The Olive Tree Food & Wine is the cellar door of the market, stocking South Australian wines, olives, marinated antipasto and extra virgin olive oil.
The Elephant in the Room couldn’t be ignored. The wines are sourced from the cool climate vineyards of the Limestone Coast region in south eastern South Australia, they are now on my shopping list.
We were all smiles at Say Cheese, lingering a while to sample some of their local and imported cheeses.
The range of breads next door at Dough were boggling, I don’t know how we resisted the mouthwatering patisserie delicacies.
Even the simple egg looked enticing at the Happy Little Clucker.
Our cheese adoration came to the fore at The Smelly Cheese Shop,
the creamy Maison de la Truffe won my heart and my tastebuds. The Brie de Meaux style cheese is layered with fresh truffle pieces and tastes like heaven. I hope I can find it here in Tasmania.

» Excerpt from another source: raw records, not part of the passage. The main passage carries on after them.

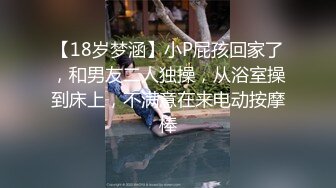 【18岁梦涵】小P屁孩回家了，和男友二人独操，从浴室操到床上，不满意在来电动按摩棒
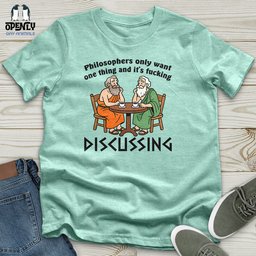 Philosophers Only Want One Thing And Its Fucking Unisex T Shirt Gift For Animal Lover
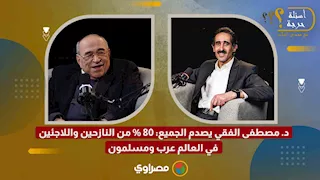 د. مصطفى الفقي يصدم الجميع: 80 % من النازحين واللاجئين في العالم عرب ومسلمون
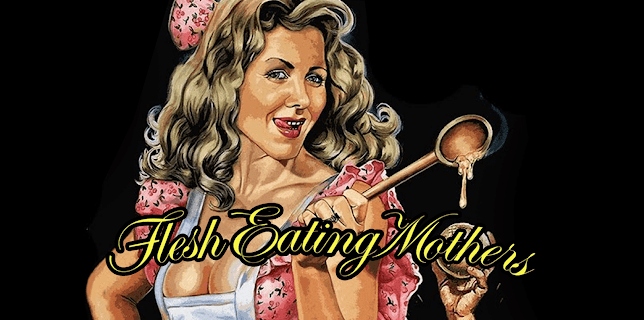 Flesh Eating Mothers (1988)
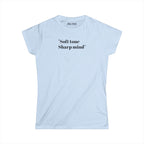 Women's Tee — "Soft Tone Sharp Mind" Inspirational Text Shirt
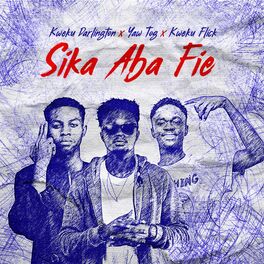 Album cover of Sika Aba Fie
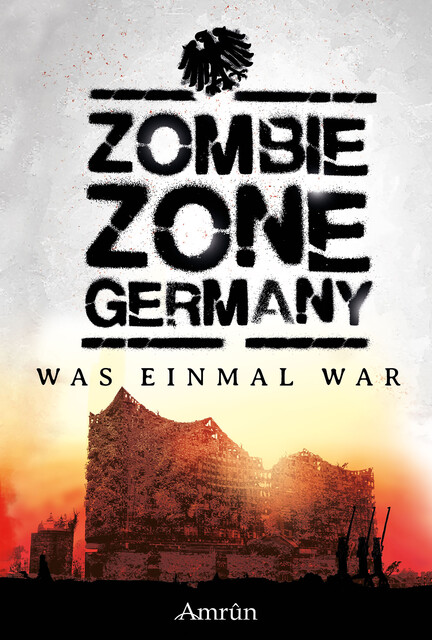 Zombie Zone Germany: Was einmal war, Thomas Williams, Claudia Rapp, Christian Günther, Monika Loerchner, Oliver Bayer, Janika Rehak, Marie Erikson, Marko Richter-Höfer, Antonia Dorah, Emily Tara Todd, Melanie Kissel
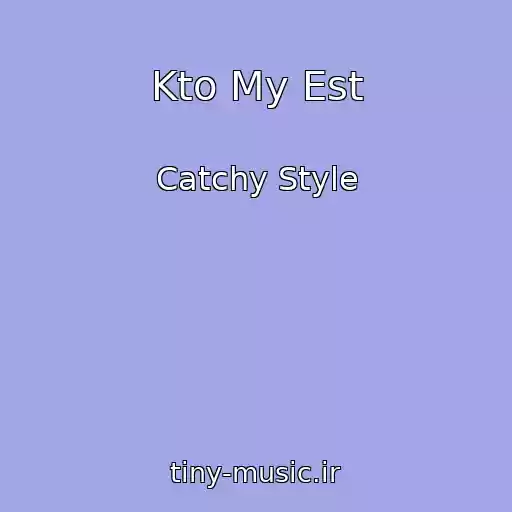 کاور آهنگ Kto My Est از Catchy Style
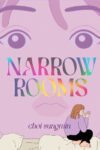 Cover artwork for book: Narrow Rooms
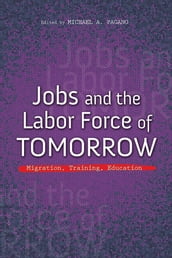 Jobs and the Labor Force of Tomorrow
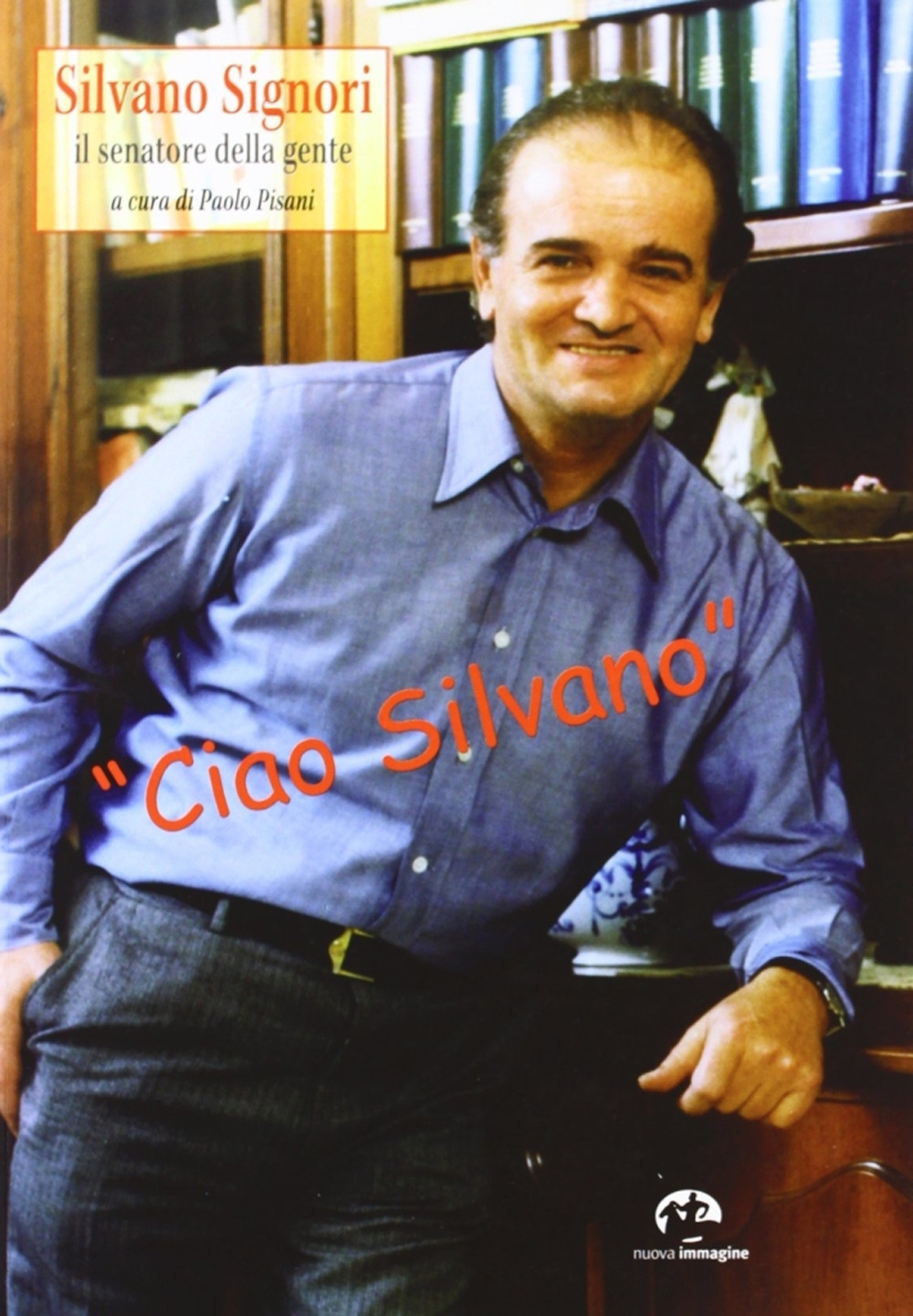 Silvano Signori. Il senatore della gente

Jamface by Poh (some may remember Poh’s Kitchen on the TV) is an eclectic structure of reclaimed timber and mismatched windows. A popular stop for coffee or lunch in a relaxed atmosphere.
There was a huge variety to choose from at The Mettwurst Shop, all naturally smoked, nothing artificial and you can try before you buy.

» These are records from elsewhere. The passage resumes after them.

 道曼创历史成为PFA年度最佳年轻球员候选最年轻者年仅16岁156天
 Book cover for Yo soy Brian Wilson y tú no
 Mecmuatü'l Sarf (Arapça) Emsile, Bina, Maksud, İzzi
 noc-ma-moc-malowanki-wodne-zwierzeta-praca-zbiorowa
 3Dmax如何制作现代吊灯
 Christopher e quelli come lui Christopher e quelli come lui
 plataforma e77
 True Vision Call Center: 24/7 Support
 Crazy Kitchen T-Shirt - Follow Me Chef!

We could have stayed at the market for hours, something new to discover at each stall.
Unfortunately, my baggage allowance and border control prevented me from purchasing goodies but I did get a little something from The Mushroom Man. After tasting mushrooms cooked in butter and tossed in Truffle and Black Garlic Salt, I couldn’t resist.
I will return to Central Market one day, soon I hope.